I tried using ParallelALSFactorizationJob, but it crashes here:
Exception in thread "main" java.lang.NullPointerException
at java.lang.ProcessBuilder.start(ProcessBuilder.java:1012)
at org.apache.hadoop.util.Shell.runCommand(Shell.java:445)
at org.apache.hadoop.util.Shell.run(Shell.java:418)
at org.apache.hadoop.util.Shell$ShellCommandExecutor.execute(Shell.java:650)
at org.apache.hadoop.util.Shell.execCommand(Shell.java:739)
Command line help mentions using filesystem, but it seems it wants hadoop. How can I run it on Windows, mahout.cmd file is broken:
"===============DEPRECATION WARNING==============="
"This script is no longer supported for new drivers as of Mahout 0.10.0"
"Mahout's bash script is supported and if someone wants to contribute a fix for this"
"it would be appreciated."
So is that possible (ALS + Windows - hadoop)?
Mahout is a community-driven project and its community is very strong.
-Tiwary, C. (2015).
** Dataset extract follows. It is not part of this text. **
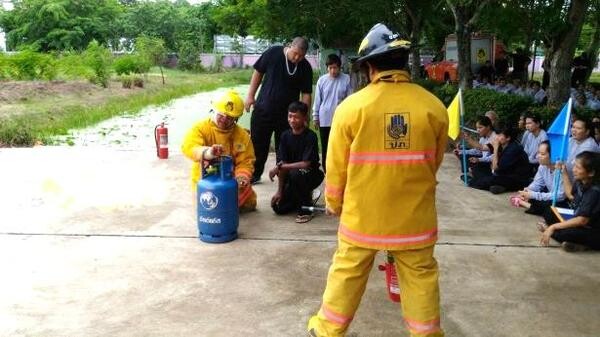 ปภ. โดย ศูนย์ ปภ.เขต 1 ปทุมธานี ร่วมฝึกอบรมเชิงปฏิบัติการป้องกันอัคคีภัย อุบัติภัย และซ้อมแผนอพยพกรณีเกิดภัย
Learning Apache Mahout.
Apache Spark is an open-source, in-memory, general purpose computing system that runs on both Windows and Unix like systems. Instead of Hadoop-like disk-based computation, Spark uses cluster memory to upload all the data into the memory, and this data can be queried repeatedly.
-Gupta, A (2015). Learning Apache Mahout Classification.
(This last book also provides a step by step guide Using Mahout's Spark shell (they don't use Windows and it isn't clear if they use Hadoop or not though). For more information on that topic, see the implementation section at https://mahout.apache.org/users/sparkbindings/play-with-shell.html.)
In addition to this, you can build recommendation engines using Spark such as DataFrames, RDD, Pipelines, and Transforms available in Spark MLlib and
-Gorakala, S. (2016). Building Recommendation Engines.
At this point, there's one question still to answer before answering your question: can we run Spark without Hadoop?.
So, yes, it's possible to use ALS method on Windows using Spark (without Hadoop).